While improved bilateral relations with China, now presented as a new “golden age” have indeed come with tangible benefits in the form infrastructure, finance, and armaments, it is not difficult to see that the Philippines has in turn incurred intangible costs. Thus, in the days ahead, the administration will always tread dangerous waters insofar as the West Philippine Sea is concerned. 

One hopes that, “later in his term,” PRRD would actually still have anything useful to discuss with China. A delayed dialogue presumes that both parties maintain the status quo and will still be able to compromise and give concessions.
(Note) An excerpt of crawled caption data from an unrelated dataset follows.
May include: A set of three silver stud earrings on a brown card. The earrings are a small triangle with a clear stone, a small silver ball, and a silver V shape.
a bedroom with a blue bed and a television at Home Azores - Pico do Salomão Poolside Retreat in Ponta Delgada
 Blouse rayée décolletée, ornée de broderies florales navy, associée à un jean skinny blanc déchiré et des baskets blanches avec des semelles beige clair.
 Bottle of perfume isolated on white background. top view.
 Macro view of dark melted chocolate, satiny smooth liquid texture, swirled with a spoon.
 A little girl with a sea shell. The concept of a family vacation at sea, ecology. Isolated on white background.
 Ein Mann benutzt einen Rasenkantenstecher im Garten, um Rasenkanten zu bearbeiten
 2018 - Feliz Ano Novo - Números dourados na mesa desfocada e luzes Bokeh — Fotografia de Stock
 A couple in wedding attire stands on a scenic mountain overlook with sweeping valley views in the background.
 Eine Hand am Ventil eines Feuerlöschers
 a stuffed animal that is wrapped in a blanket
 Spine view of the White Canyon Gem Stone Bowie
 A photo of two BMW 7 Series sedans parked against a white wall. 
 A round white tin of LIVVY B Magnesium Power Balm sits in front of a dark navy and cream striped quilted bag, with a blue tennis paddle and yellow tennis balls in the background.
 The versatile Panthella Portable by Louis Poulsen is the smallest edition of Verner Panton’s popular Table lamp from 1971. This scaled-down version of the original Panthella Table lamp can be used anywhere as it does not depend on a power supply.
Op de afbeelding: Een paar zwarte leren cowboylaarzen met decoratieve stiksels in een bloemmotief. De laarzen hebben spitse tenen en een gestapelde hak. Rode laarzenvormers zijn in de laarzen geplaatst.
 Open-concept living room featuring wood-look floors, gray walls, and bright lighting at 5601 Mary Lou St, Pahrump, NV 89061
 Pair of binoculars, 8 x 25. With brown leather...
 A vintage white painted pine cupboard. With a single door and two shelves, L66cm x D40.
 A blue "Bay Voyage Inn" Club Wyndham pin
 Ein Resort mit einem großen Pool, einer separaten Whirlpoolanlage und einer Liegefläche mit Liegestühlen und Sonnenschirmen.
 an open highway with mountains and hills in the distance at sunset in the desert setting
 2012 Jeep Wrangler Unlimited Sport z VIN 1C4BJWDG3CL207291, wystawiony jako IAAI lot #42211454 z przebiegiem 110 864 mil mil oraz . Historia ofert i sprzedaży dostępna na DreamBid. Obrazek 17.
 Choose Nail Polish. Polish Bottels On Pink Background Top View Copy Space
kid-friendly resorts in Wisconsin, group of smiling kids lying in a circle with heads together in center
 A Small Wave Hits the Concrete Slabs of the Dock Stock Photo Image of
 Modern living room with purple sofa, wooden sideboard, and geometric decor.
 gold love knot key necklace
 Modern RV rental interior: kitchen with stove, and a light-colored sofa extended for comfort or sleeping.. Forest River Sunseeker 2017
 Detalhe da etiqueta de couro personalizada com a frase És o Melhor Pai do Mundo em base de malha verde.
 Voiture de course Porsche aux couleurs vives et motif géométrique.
Government agencies tasked with the nation’s maritime security are already hard-pressed to maintain whatever autonomy of decision and action remains in face of China’s advance. 

From the situation at sea, the Philippines has conceded most of what matters in the West Philippine Sea, save for the literal “4 corners of that piece of paper.” But then, that is likewise completely in line with the politics of Dutertismo: never mind the facts, just keep up the rhetoric.

Under PRRD’s leadership, the current generation appears to be comfortable with the transactionalist approach to geopolitics, especially since it seems to be in keeping with an emerging trend in global geopolitics. The problem with the Philippines becoming too used to transactionalism, however, is that in practice there may be a very thin line between being a maiden with many suitors and a courtesan with many clients. One can only hope that we will able to clearly discern what we might become. – Rappler.com 

Dr Jay L. Batongbacal is an associate professor of the University of the Philippines (UP) College of Law, and director of the UP Institute for Maritime Affairs and Law of the Sea. The views reflected in this article are purely personal and do not necessarily reflect the views of either the Institute or UP.